Although undefined and unclear, the landowners have also mentioned an estoppel theory based on alleged promises from Mohave County that the landowners would not be required to pay property taxes while the ownership dispute remained unresolved. With the limited information provided, this argument is not persuasive. Even accepting the alleged statements as fact, Mohave County never promised that back taxes would not be collected after the ownership dispute had been resolved.

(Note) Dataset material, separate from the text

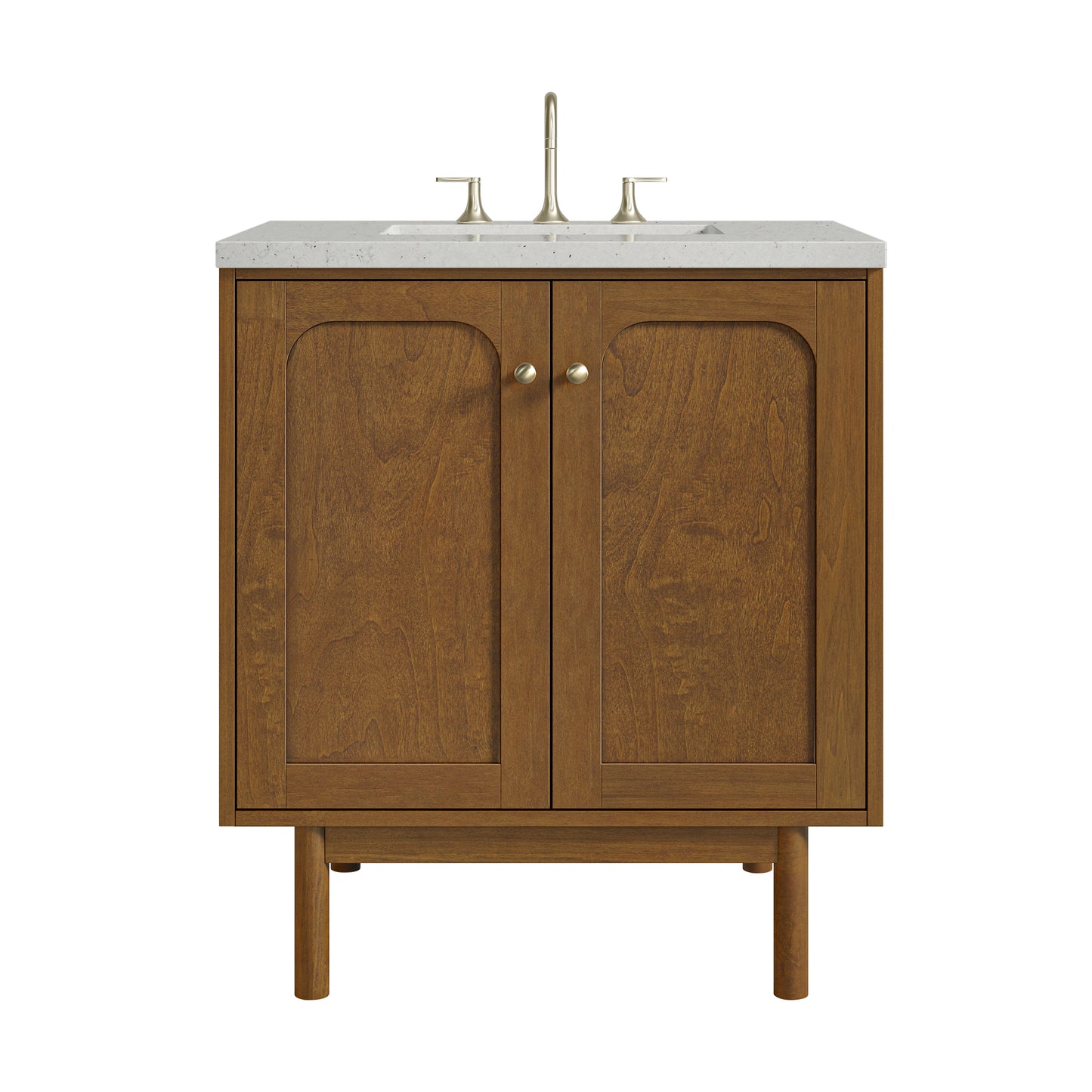 James Martin Laurent 30" Single Vanity with 3 CM Countertop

An economic public purpose is also conceivable; that H.B. 2178 prevented an unknown number of landowners from losing their land, which, in turn, protected the employment and commodities derived from the land while ensuring a future tax revenue stream. Pimalco, Inc. v. Maricopa County, 937 P.2d 1198, 1201, 188 Ariz. 550, 553 (App. 1997) (“These attempts reflect a desire to prevent the possessory interest tax from deterring non-Indian commercial development on Indian lands and a desire to further the public benefit of an expanded employment base available to all Arizonans.”). Without particularized information about such public benefits, however, we cannot assess their existence or adequacy. Hassell, 172 Ariz. at 369-70, 837 P.2d at 171-72 (rejecting assorted theories of public benefit because the court “cannot judge their adequacy for a reason that brings us to a central defect of H.B. 2017. [T]he legislature acted without particularized information, and established no mechanism to provide particularized information, to support even an estimate of the value of those claims.”).

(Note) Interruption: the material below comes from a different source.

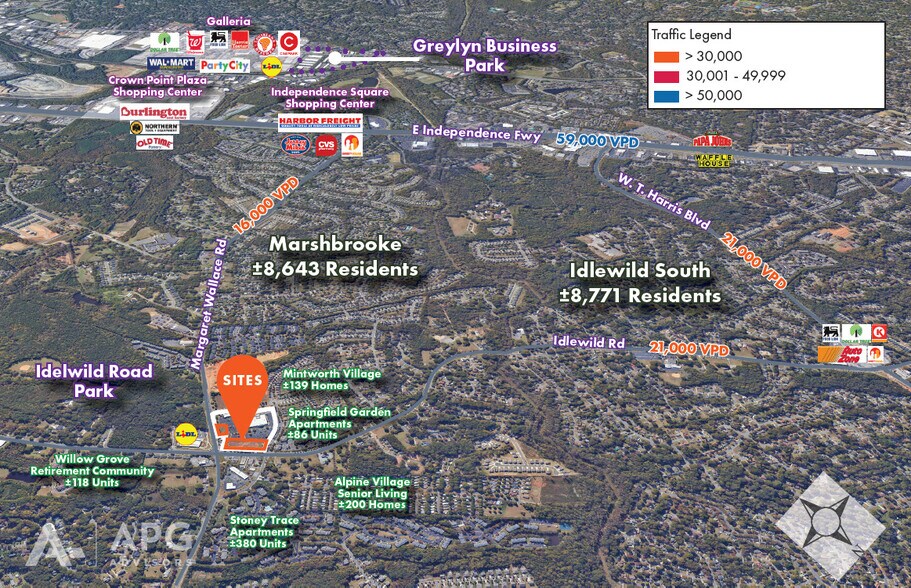 More Photos Of 5706 Wyalong Dr, Charlotte Land For Sale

Even assuming a public benefit, H.B. 2178 must still meet the consideration requirement, which is a question of fact, Sherwood, 187 Ariz. at 281, 928 P.2d at 705 (“The second prong, whether the exchange of tax money for the public benefit is disproportionate, is as a question of fact.”), and thus outside the Attorney General’s statutory authorization to offer opinions. Ariz. Rev. Stat. § 41-193(A)(7); Ariz. Op. Atty. Gen. No. I80-231; see also 1988 Ariz. Op. Atty. Gen. 97 (“Since the existence of the requisite intent to establish district residency is primarily a factual determination, we express no opinion with respect to this matter.”).

Conclusion

H.B. 2178 is an unconstitutional special law and thus invalid because it arbitrarily confers tax benefits on a handful of landowners while depriving similar benefits to past, present and future landowners thrust into identical circumstances. Although H.B. 2178 raises additional concerns under the gift clause, we cannot provide an opinion on that issue because it rests, in part, on questions of fact.